OK so we went to the trouble of getting our Armstrong Shocker done up and upgraded by the best in town and after a little while, well 20 thousand Miles, we are sick of the crashing noise from the rear bump stops when touring with a full load of shoes and hats.

Time I say to consult Mr Google and likewise every expert known to man and see if there might be a home grown solution which does not entail removing and sending said Armstrongs to experts who are going to charge like wounded bulls and not likely to divulge their secret recipes.

Armstrong lever arm shocks were originally available in a variety of damping grades. The variations being made primarily in the valving but they were originally designed to use hydraulic oil in the viscosity range of ISO 30 to ISO 100 (equivalent to SAE 10W to SAE 30W) which according to the TR manual does not need to be changed.

The way these devices work is that there are two pistons pushing oil back and forth through an orifice. This orifice is small, so there is resistance to flow due to the viscosity of the oil in the piston chambers.  If the size of the connecting hole was not allowed to vary, the damping would be TOO strong for sudden jolts, so to accommodate sudden jolts, the oil is allowed to force its way through 2 larger spring-loaded valves, one to control the upward jolts and another to control the downward return of the suspension to its rest position.

When these units were new, there were alternate compression springs available, however these are not readily available so in order to adjust damping today, we can tighten the nut holding the rebound spring and insert spacers (washers) under the compression spring.

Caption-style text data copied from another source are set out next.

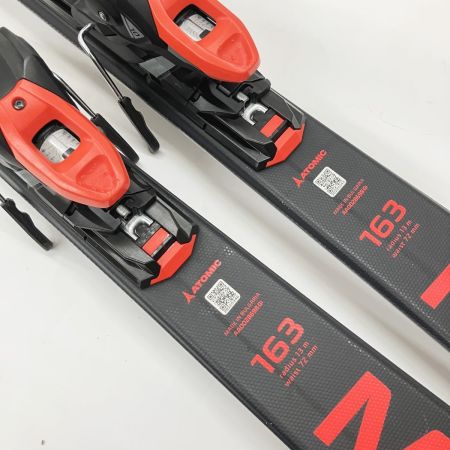  ATOMIC アトミック REDSTER レッドスター M1 257-380 163 ブラック スキー板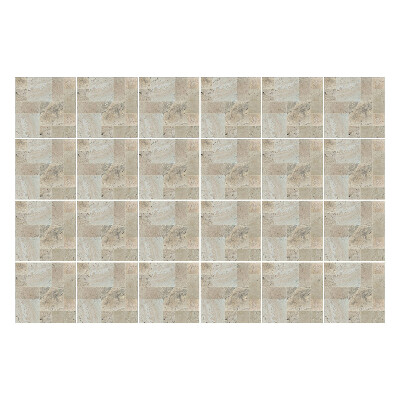 Samolepka na dlaždice Konstrukce z přírodního kamene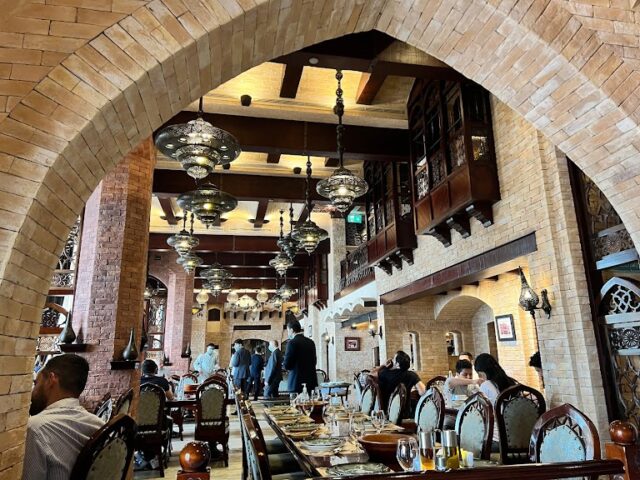 مطاعم عربية في دبي 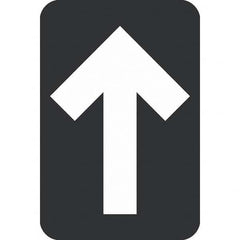 NMC - "Blank" Adhesive-Backed Floor Sign - Exact Tool & Supply
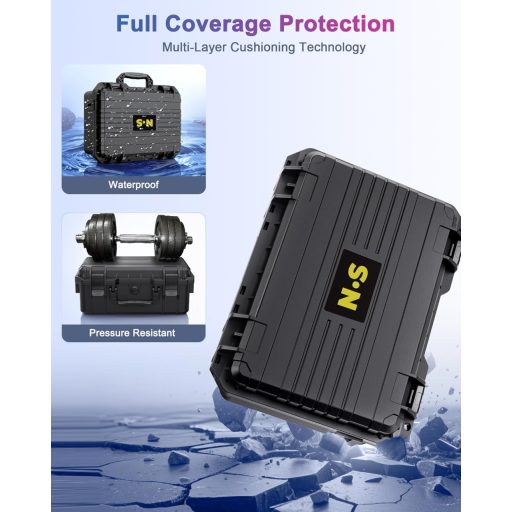 FYOUNG Nintendo Switch kemény utazótáska vízálló tárolókoffer Pro Controller-hez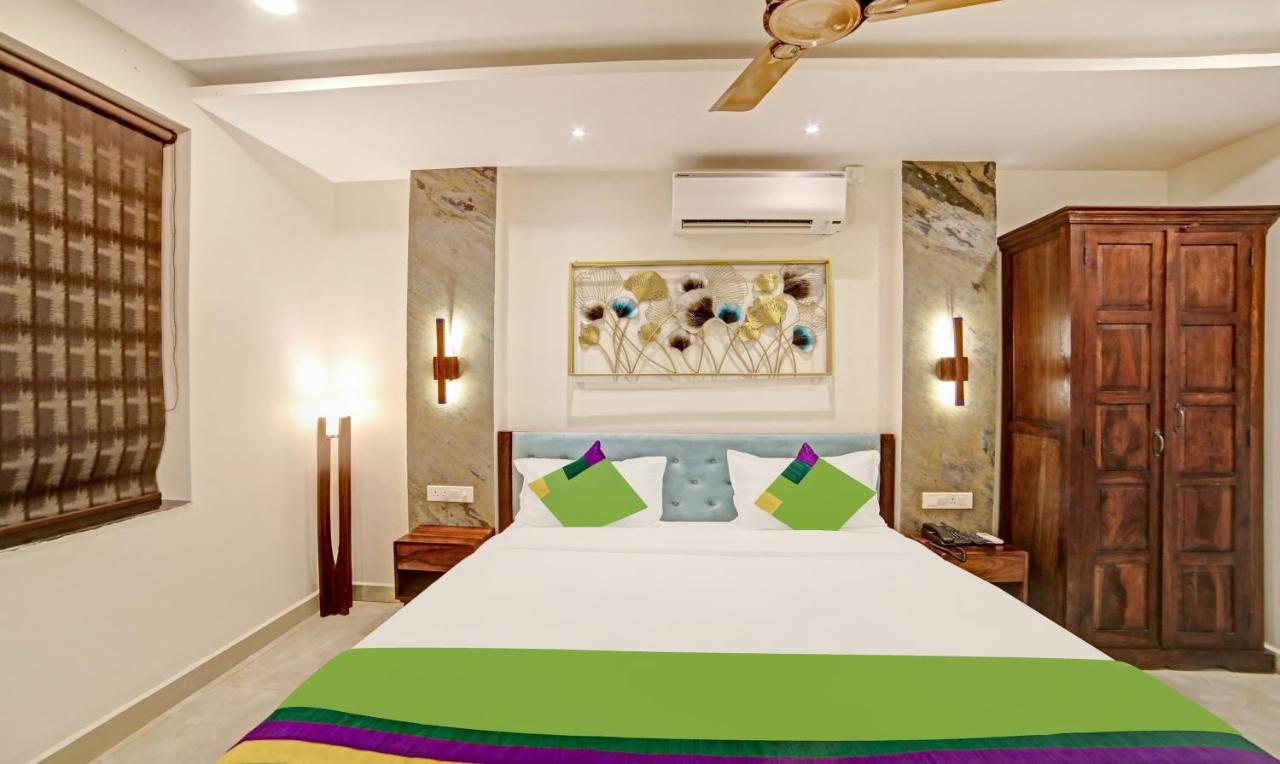 Treebo Lazystay Elite Bhubaneswar Exteriör bild
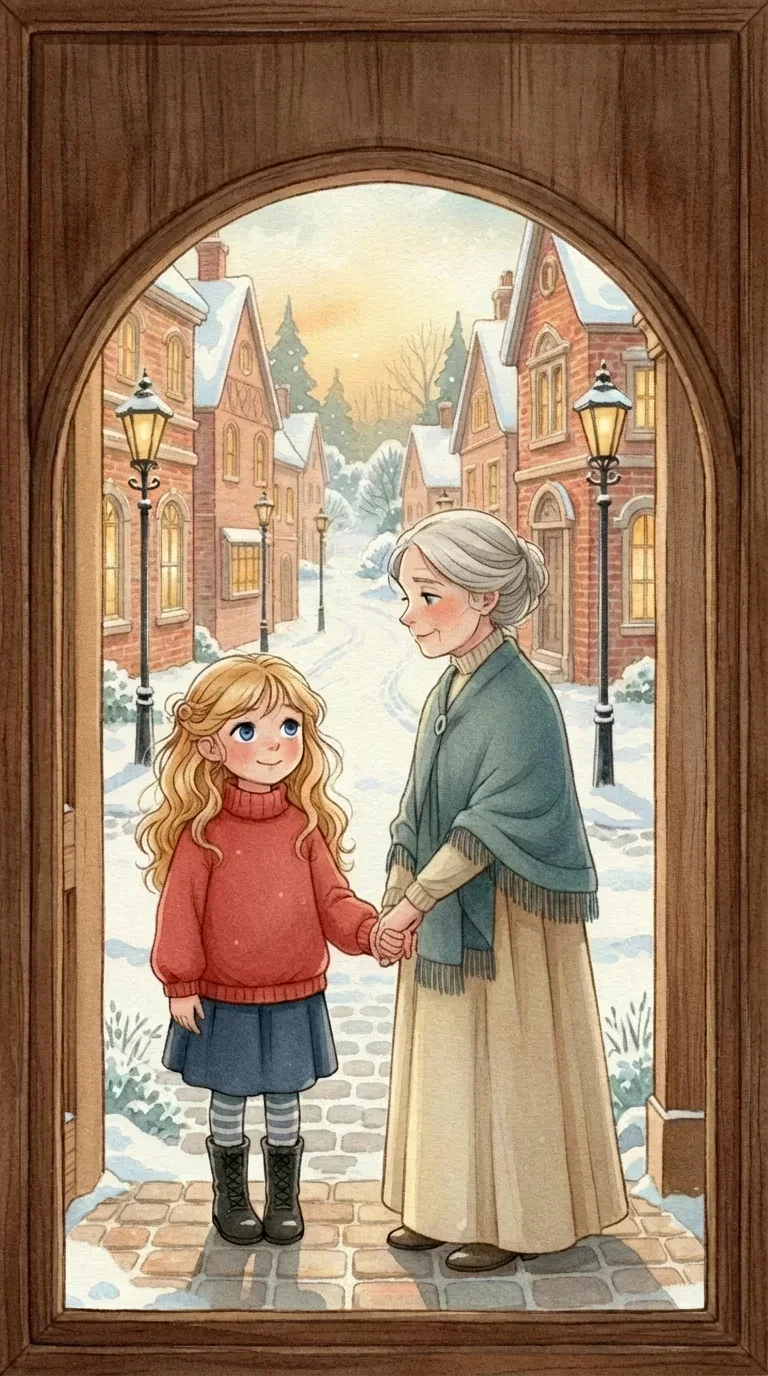 Illustration for: A Different Christmas Story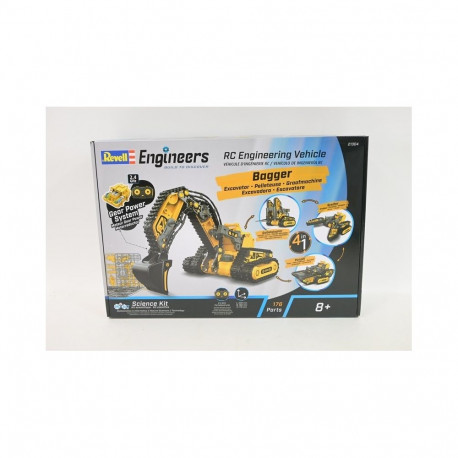 Revell RC ehitusmasin 4in1 21304
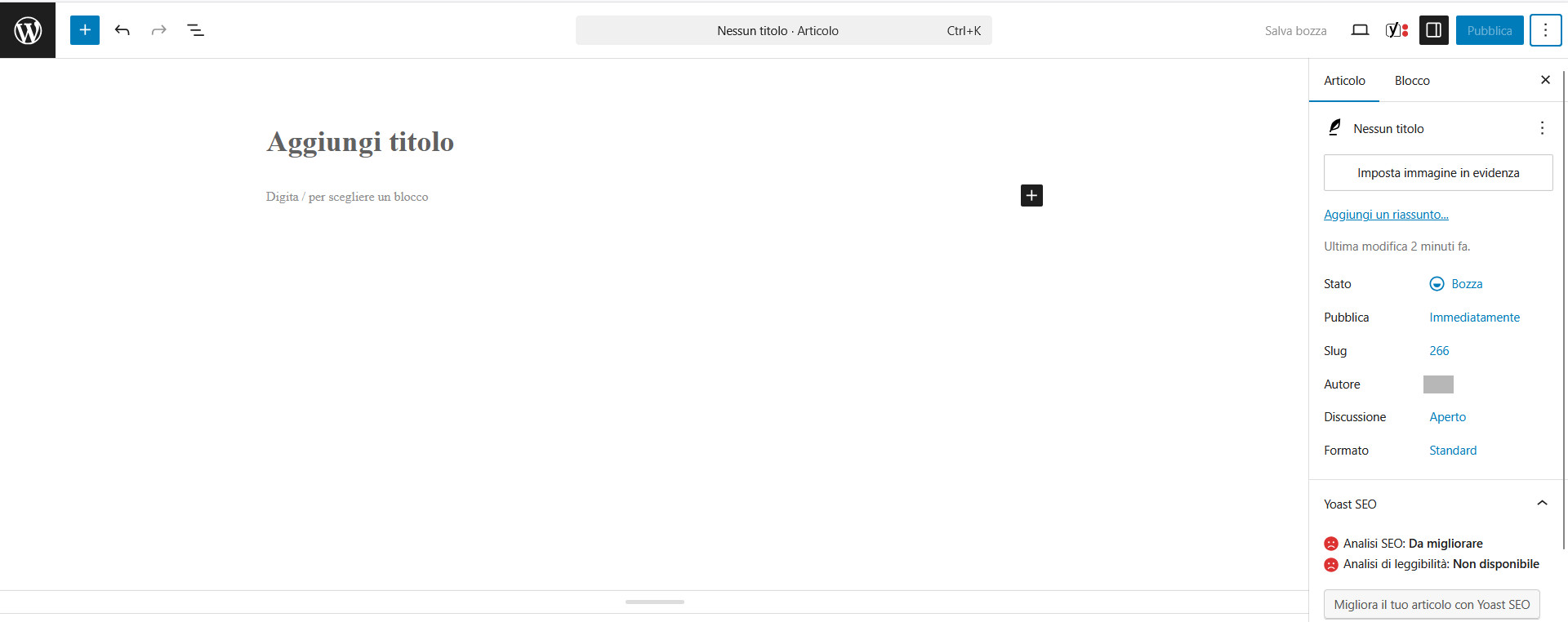 Come usare Gutenberg per creare layout avanzati Come usare Gutenberg per creare layout avanzati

My research found 2 sources that pretty much agree on what modifications to make, which were to tighten the nut on the rebound spring and install a 0.040” to 0.080" spacer under the compression spring at the bottom of the bore.

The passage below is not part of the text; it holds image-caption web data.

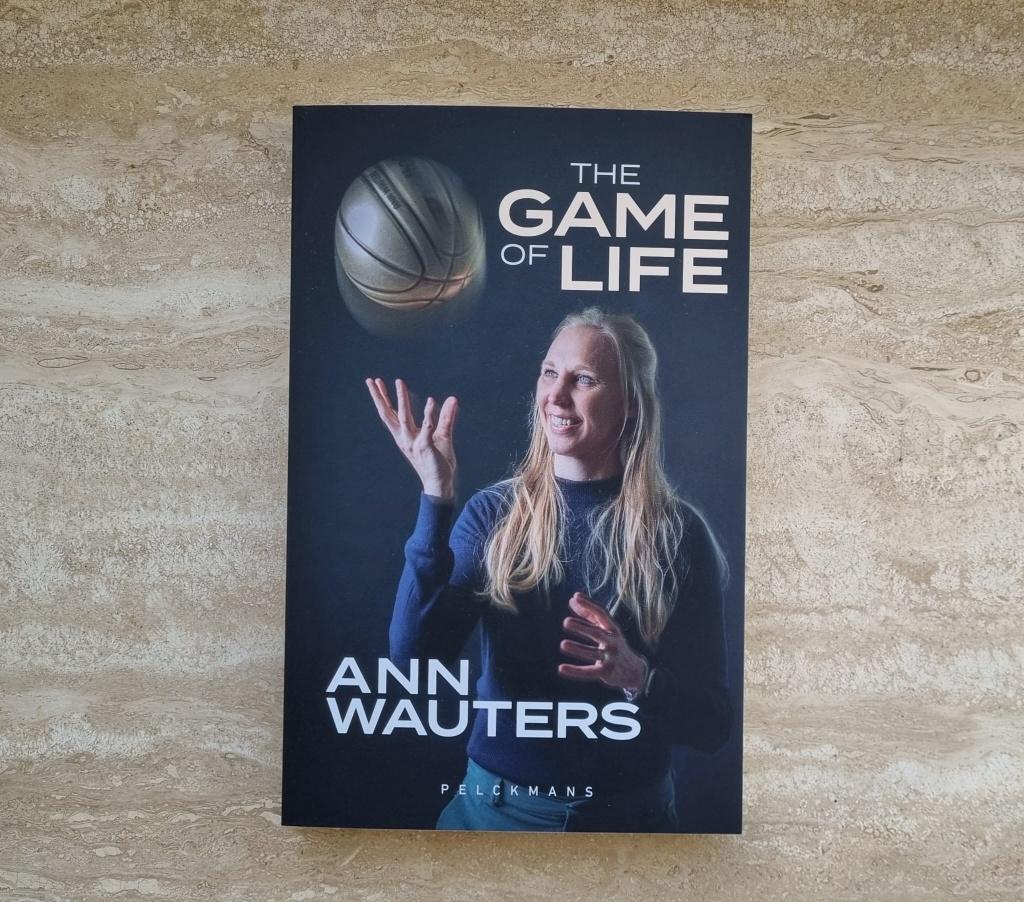 The game of life, basketbalspeler Ann Wauters, Verzenden, Nieuw, Ann Wauters, Sport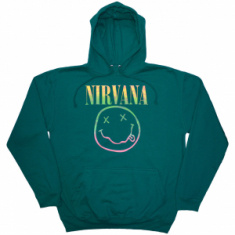 Nirvana - Nirvana Unisex Pullover Hoodie: Sorbet R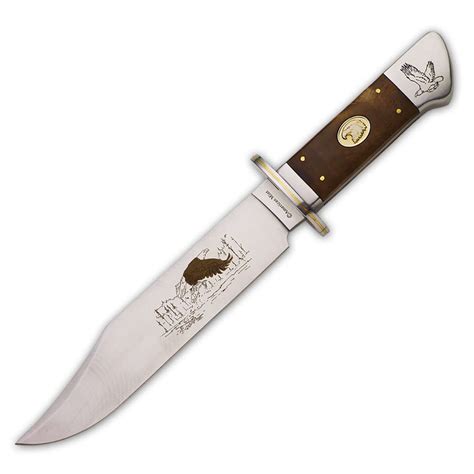 Bald Eagle Bowie Knife Collector Knives American Mint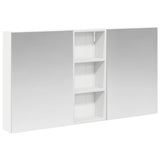 Bathroom Cabinet Set 3 pcs 130 x 14.5 x 70 cm Engineered wood 3403760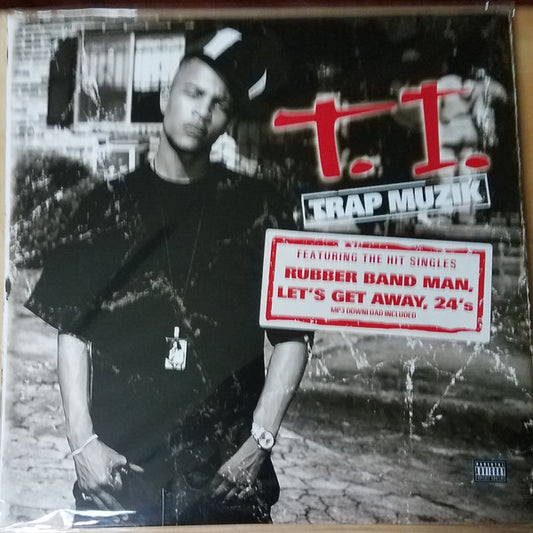Album art for T.I. - Trap Muzik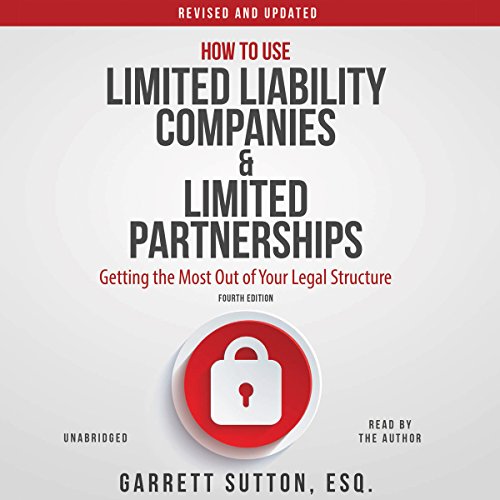Cover of How to Use Limited Liability Companies and Limited Partnerships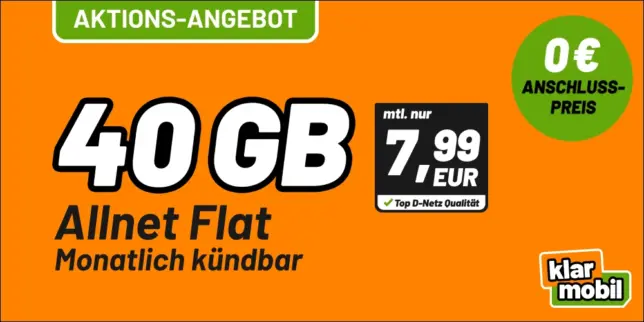 Allnet-Flat Telekom Tarif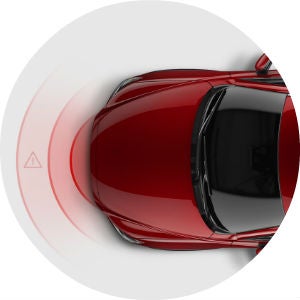 2017 Mazda CX-9 smart city brake support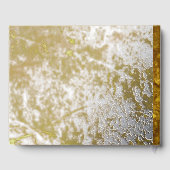 Gold & Silver Gästebuch (Rückseite)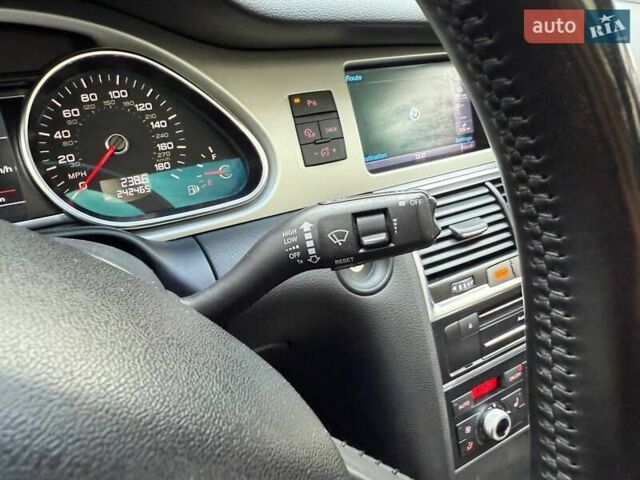 Сірий Ауді Ку 7, об'ємом двигуна 3 л та пробігом 242 тис. км за 17990 $, фото 21 на Automoto.ua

Armed with this Google expertise I decided to remove the devices and investigate what my performance enhanced units had to offer. I suspected that the energy input to a small amount of fluid during operation was so intense that it could not be possible for the shockers to maintain performance without maintenance which is contrary to the TR manuals advice.

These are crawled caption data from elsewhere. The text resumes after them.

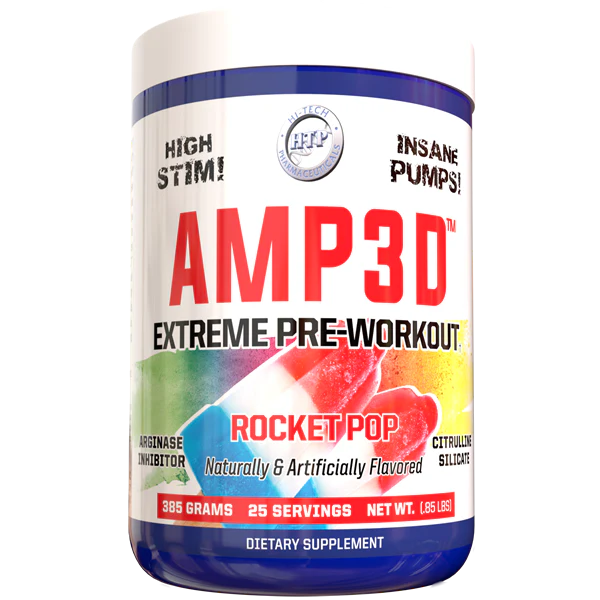 HI TECH, AMP3D 25 SERVING $39.99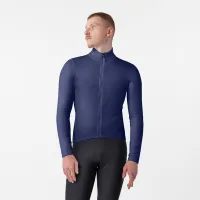 dres s dlouhým rukávem CASTELLI Competizione Thermal LS Jersey Belgian Blue dres s dlouhým rukávem CASTELLI Competizione Thermal LS Jersey Belgian Blue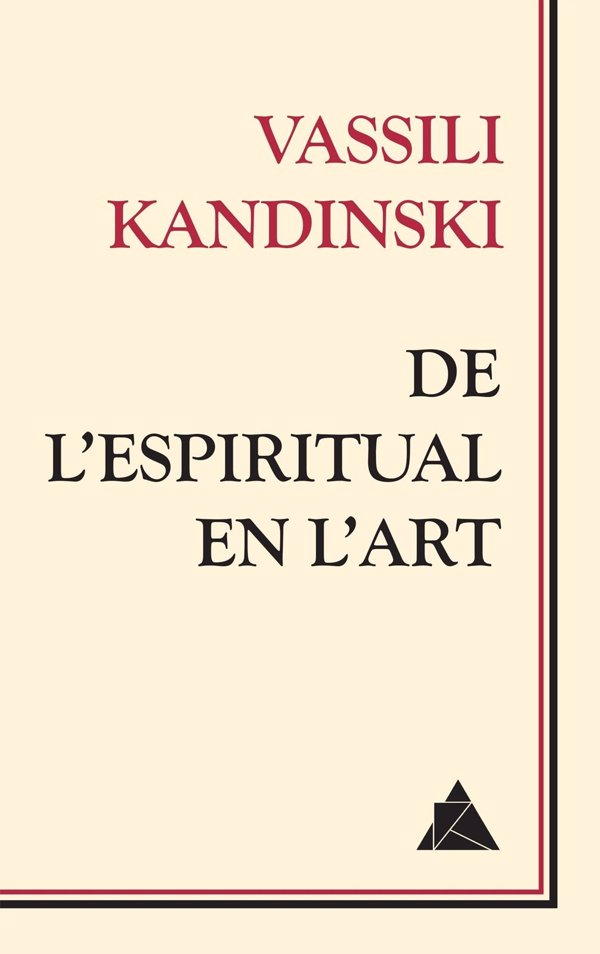Publican por primera vez en catalán 'Lo espiritual en el arte' de Kandinsky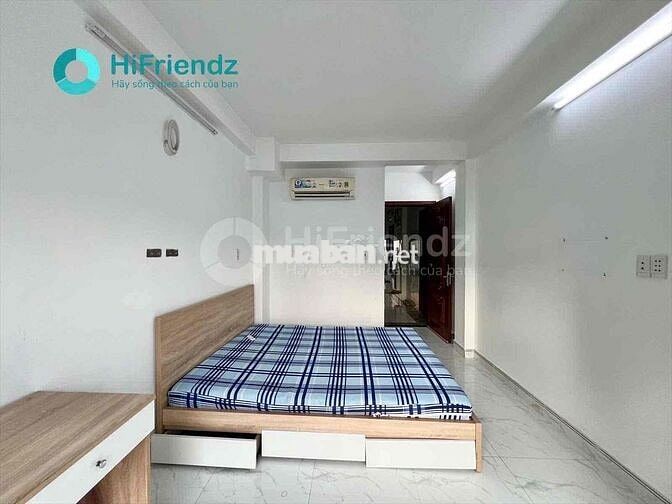 STUDIO 20m2 THANG MÁY NGAY NGÃ 5 CHUÔNG CHÓ GV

First job, drain the oils. Black and burned is what we find. Now compare this with some fresh Fork oil.

Imagine allowing your engine to operate on this sludge? How long will it last?

Let us have a look at my high performance upgrades and see how they compare with Dr Google.

The first thing to do was to compare what performance was dependent on the oil, so I conducted some base line tests on the original shockers using a weight and a timer to determine how long it took for 1 stroke.

 


 

 

 

 

 

 

 

 

The next thing was to have a look at what upgrades had been done:

As it turns out, spot on, what our local race technologies had done was as per the famous TR Kastner recommendation. 2 x 0.039” copper washers under main spring. Maximum 0.080”

 

 

 

 

 

 Now I happen to have a destroyed Shock absorber to compare. This one had totally failed and had stripped splines between the main shaft and the bellcrank.

 

 

 

 

 

 

 

The reason?

Well: Both relief valves were suffering from coil bind before they were half open which would have created massive stress on the splines which of course failed.

 

 

 

 

 

 

 

 

Notice the difference in the 2 valve designs. Something to watch for if you decide to pay an expert to overhaul your shock absorbers.
Ask for confirmation that they are a matched pair.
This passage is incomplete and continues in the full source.